CEO da Google aconselha os utilizadores do Android a não fazerem sideload de aplicações

Uma grande diferença entre o iOS e o Android é que este último sistema operativo permite que os utilizadores façam sideload de aplicações nos seus dispositivos, enquanto o iOS não o faz. Basicamente a Apple não quer que o utilizador instale de lojas de fora da sua alçada, ao passo que a Google permite. Bom, permitir permite, mas não quer que o façam, pelo menos é o que vem dizer agora Pichai. Então, a Apple tinha razão?

Para que se perceba o que está em jogo, quando se faz sideload de uma aplicação, está-se a instalar esse software a partir de uma loja de aplicações de terceiros. Conforme foi referido, a Apple não o permite porque não consegue verificar as aplicações que vêm de fora da App Store, aumentando assim a possibilidade de se instalar malware no iPhone. Por isso o iPhone é muito seguro.

Aqueles que se queixam do facto de o iOS ser um “jardim murado, um sistema fechado” devem compreender por que razão a Apple não permite o sideload.
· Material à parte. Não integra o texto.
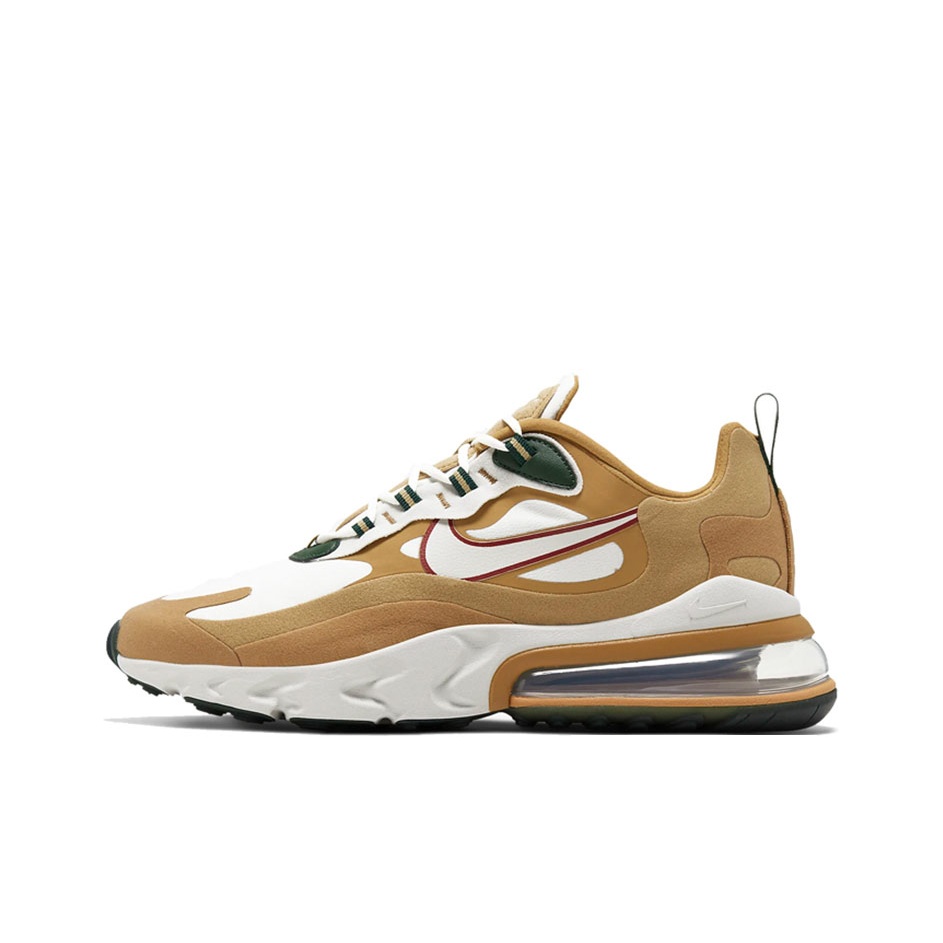 Nike Shoes Air Max 270 - Nike Air Max 270 Erkek Düşük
Claro que muitos utilizadores entendem que já têm idade suficiente para decidir se querem correr o risco de instalar código concebido para roubar o login das suas aplicações bancárias e financeiras. No entanto, as três letras que mantêm o Diretor Executivo da Apple, Tim Cook, acordado nestes últimos tempos, DMA (Lei dos Mercados Digitais da UE), pode obrigar a Apple a permitir o tal sideload pelo menos nos 27 países membros da UE.

Apple quer o jogo a seu favor, a Google também!

Considerando que a Apple já se antecipou noutro problema que se estava a formar no horizonte, com o suporte para Rich Communication Services (RCS) no iPhone no próximo ano, existe a possibilidade de a empresa de Cupertino também permitir o sideload já em 2024.

Quanto ao Android, só porque se pode fazer sideload de aplicações no Android, não significa que se deva fazer sideload de aplicações no Android.

De acordo com o News18.com, estas sábias palavras vêm de ninguém menos que Sundar Pichai, o CEO da Alphabet e da Google. Na passada terça-feira, durante o julgamento da Google nos Estados Unidos, Pichai testemunhou e disse (sob juramento, atenção) que diz aos utilizadores do Android para não fazerem sideload de aplicações nos seus telefones.

Pichai disse:

Não queremos permitir que o utilizador comprometa completamente o seu telemóvel. Isso pode instalar malware no telefone. Pode realmente comprometer a sua segurança, de forma muito significativa.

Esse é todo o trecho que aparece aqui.